** Opening INPUT RECORDS block **

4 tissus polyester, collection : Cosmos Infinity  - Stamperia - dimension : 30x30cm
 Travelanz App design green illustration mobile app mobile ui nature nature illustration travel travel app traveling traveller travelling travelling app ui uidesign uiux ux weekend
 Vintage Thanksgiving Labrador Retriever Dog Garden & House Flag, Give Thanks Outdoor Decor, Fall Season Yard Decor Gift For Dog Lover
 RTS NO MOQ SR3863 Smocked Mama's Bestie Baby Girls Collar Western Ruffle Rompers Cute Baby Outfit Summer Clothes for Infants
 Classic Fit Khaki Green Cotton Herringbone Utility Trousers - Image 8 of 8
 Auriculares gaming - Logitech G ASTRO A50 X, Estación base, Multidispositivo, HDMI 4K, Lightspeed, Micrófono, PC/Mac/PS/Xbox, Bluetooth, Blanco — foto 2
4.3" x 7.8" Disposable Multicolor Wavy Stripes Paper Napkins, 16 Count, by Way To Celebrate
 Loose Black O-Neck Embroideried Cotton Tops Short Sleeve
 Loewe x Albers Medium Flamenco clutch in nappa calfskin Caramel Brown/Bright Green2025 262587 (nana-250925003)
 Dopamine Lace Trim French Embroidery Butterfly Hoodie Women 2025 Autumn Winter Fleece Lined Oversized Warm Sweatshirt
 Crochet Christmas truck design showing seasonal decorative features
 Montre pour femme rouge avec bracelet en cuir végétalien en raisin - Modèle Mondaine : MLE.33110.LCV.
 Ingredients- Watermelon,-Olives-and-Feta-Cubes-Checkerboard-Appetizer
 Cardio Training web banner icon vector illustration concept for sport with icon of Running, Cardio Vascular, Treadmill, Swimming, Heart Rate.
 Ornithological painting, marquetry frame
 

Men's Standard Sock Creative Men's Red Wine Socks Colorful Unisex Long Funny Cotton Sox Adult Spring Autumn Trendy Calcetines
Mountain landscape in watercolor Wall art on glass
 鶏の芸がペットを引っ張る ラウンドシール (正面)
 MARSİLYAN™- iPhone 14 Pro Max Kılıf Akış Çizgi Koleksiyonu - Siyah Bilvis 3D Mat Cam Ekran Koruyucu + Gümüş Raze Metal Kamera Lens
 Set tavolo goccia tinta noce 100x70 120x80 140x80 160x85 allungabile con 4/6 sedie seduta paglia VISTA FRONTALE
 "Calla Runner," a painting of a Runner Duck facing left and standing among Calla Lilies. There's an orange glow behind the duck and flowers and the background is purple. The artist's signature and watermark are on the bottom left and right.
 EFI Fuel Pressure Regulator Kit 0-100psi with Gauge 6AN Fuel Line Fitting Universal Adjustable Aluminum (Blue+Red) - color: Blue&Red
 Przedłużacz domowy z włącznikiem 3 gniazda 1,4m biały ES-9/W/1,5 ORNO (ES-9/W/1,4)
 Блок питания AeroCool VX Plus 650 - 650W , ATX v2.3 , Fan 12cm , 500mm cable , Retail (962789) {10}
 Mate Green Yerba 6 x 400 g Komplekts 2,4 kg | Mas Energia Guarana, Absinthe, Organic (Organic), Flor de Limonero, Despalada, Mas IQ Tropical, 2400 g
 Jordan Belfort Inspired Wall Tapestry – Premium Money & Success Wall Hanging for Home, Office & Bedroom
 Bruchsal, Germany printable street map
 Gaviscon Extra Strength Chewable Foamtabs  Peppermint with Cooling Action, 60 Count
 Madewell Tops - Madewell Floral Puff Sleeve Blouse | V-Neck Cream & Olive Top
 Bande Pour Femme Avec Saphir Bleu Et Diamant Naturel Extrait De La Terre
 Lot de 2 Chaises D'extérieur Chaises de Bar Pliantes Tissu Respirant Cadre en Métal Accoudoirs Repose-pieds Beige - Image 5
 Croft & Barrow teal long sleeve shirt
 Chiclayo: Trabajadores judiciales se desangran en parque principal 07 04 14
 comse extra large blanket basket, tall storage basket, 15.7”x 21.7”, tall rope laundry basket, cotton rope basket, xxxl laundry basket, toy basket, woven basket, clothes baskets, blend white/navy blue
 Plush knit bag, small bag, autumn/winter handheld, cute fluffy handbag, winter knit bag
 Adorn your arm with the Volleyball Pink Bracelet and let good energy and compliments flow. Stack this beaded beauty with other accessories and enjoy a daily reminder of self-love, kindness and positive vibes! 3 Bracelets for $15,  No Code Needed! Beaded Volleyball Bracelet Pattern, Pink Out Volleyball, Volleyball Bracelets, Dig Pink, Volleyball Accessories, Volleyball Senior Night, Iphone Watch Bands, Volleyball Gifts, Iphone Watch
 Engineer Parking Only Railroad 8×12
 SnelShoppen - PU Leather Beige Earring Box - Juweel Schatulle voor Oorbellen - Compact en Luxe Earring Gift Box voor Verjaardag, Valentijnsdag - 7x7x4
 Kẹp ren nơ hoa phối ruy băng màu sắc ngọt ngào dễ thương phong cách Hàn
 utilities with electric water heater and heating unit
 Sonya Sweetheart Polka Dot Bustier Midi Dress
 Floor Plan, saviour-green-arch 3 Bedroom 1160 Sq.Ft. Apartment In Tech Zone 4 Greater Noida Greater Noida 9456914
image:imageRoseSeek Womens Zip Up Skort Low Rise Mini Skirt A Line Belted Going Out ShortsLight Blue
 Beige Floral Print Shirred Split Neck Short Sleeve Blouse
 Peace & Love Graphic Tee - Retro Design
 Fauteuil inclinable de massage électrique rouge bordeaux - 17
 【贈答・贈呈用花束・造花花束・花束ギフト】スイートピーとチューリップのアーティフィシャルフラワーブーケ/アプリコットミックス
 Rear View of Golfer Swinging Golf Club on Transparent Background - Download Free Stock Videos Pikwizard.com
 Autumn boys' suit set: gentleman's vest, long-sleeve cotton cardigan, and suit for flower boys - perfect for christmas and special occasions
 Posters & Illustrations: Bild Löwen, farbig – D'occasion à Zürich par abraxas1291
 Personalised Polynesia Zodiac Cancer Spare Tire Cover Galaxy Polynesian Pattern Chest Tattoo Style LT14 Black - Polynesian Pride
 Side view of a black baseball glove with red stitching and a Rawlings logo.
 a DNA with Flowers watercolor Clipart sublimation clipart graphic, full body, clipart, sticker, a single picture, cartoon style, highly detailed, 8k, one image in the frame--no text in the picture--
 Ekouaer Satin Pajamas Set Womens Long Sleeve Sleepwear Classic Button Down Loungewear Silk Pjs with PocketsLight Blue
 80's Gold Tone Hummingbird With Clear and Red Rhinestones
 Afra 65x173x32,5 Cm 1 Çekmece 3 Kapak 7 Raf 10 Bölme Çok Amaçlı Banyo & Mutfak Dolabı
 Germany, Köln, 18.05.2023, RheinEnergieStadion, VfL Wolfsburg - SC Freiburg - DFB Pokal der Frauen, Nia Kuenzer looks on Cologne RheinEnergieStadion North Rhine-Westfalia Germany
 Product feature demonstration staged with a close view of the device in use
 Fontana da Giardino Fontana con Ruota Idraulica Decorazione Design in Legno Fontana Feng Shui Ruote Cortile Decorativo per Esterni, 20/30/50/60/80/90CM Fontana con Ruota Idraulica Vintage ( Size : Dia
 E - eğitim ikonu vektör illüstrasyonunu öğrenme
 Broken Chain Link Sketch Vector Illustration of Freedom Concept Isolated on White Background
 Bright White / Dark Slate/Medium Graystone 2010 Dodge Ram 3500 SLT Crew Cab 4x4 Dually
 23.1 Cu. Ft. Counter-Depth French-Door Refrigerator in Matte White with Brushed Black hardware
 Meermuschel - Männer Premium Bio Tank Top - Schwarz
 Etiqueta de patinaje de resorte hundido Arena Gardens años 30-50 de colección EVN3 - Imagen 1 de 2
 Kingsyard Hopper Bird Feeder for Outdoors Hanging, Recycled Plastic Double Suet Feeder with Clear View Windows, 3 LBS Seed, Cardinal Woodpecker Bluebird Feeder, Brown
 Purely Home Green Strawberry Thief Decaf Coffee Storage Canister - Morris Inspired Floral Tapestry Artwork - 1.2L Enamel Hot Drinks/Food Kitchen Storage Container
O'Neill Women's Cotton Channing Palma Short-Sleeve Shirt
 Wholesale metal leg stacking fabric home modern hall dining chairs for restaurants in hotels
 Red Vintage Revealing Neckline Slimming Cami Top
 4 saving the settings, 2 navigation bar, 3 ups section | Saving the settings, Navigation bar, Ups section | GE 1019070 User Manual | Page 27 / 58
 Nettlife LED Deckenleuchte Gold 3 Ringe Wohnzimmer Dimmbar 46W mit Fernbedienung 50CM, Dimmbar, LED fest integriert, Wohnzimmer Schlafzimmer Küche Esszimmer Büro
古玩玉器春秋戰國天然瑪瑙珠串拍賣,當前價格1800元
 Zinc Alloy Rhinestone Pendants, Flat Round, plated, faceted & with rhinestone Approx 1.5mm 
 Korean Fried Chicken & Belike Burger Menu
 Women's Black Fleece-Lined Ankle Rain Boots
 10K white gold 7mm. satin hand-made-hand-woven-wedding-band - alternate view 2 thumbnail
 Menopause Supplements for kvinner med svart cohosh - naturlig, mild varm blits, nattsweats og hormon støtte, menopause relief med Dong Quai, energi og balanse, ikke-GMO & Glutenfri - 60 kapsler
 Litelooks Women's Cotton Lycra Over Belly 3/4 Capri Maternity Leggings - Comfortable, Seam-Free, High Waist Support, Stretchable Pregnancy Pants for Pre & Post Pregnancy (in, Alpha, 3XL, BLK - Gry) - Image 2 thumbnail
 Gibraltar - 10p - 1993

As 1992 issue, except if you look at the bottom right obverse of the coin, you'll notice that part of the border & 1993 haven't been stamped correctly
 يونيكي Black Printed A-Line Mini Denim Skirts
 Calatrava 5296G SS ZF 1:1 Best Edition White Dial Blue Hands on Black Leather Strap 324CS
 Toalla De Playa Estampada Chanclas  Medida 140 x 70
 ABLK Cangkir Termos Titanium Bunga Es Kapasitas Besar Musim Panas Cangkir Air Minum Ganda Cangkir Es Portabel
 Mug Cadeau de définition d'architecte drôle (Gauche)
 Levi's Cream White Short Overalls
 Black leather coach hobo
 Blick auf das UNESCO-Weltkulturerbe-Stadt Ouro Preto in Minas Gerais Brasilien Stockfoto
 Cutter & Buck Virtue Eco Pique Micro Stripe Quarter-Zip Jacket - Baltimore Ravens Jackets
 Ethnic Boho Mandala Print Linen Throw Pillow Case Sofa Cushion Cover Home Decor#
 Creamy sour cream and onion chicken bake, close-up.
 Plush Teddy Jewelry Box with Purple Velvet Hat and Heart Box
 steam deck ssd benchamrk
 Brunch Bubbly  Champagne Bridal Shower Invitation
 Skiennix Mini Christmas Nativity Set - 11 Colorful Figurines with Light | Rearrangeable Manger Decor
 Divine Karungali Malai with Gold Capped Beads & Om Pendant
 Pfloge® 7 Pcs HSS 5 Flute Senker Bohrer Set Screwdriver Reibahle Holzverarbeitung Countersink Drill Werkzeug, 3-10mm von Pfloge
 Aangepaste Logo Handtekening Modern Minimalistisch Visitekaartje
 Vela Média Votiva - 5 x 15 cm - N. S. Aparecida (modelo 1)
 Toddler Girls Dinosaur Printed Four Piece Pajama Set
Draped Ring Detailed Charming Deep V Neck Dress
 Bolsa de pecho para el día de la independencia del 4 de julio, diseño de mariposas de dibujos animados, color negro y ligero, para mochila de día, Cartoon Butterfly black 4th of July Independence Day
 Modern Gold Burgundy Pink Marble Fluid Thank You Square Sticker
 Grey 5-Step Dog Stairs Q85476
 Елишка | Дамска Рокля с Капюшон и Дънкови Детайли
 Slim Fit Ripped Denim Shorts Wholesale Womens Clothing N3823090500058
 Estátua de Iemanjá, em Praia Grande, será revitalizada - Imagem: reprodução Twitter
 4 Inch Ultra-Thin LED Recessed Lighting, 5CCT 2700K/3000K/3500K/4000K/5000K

** Closing INPUT RECORDS block **

▸ **WHAT TO PRODUCE**: All that should be written out is the stretch of lines above between the one holding "Meermuschel - Männer" and the one holding "Red Vintage Revealing", inclusive, exactly as given.

▸ **COMPLETED TASK**:
 Meermuschel - Männer Premium Bio Tank Top - Schwarz
 Etiqueta de patinaje de resorte hundido Arena Gardens años 30-50 de colección EVN3 - Imagen 1 de 2
 Kingsyard Hopper Bird Feeder for Outdoors Hanging, Recycled Plastic Double Suet Feeder with Clear View Windows, 3 LBS Seed, Cardinal Woodpecker Bluebird Feeder, Brown
 Purely Home Green Strawberry Thief Decaf Coffee Storage Canister - Morris Inspired Floral Tapestry Artwork - 1.2L Enamel Hot Drinks/Food Kitchen Storage Container
O'Neill Women's Cotton Channing Palma Short-Sleeve Shirt
 Wholesale metal leg stacking fabric home modern hall dining chairs for restaurants in hotels
 Red Vintage Revealing Neckline Slimming Cami Top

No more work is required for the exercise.